◆ Exercise data ◆
[Start of section]
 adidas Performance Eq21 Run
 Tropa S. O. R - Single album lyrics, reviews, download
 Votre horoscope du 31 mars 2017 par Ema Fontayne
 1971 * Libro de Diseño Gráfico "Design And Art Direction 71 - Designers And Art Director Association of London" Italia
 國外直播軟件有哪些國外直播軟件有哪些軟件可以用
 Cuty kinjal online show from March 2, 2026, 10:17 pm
[End of section]
[Start of section]
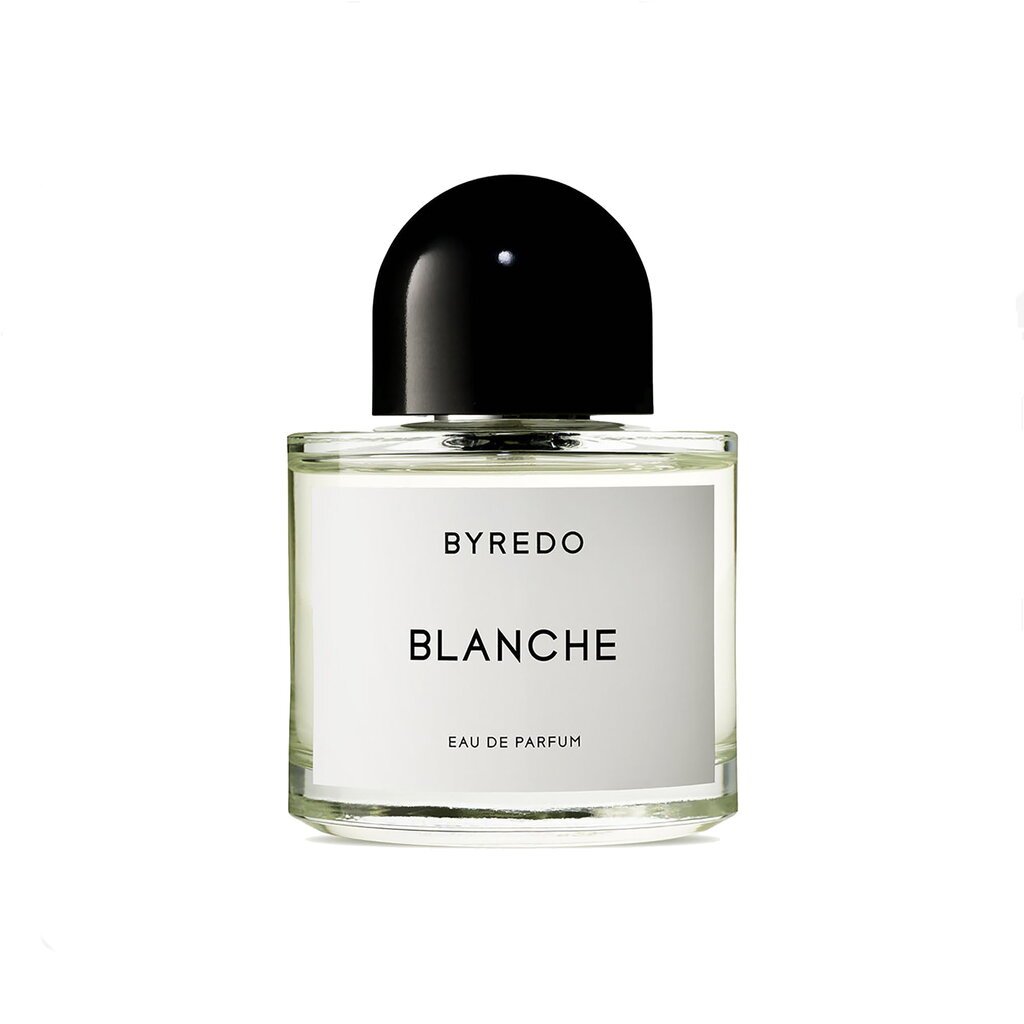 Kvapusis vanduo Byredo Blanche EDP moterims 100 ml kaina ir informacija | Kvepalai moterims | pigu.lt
[End of section]
The answer is the run of lines above from the line containing "adidas Performance Eq21 Run" through the line containing "1971 * Libro", copied exactly and alone.

 adidas Performance Eq21 Run
 Tropa S. O. R - Single album lyrics, reviews, download
 Votre horoscope du 31 mars 2017 par Ema Fontayne
 1971 * Libro de Diseño Gráfico "Design And Art Direction 71 - Designers And Art Director Association of London" Italia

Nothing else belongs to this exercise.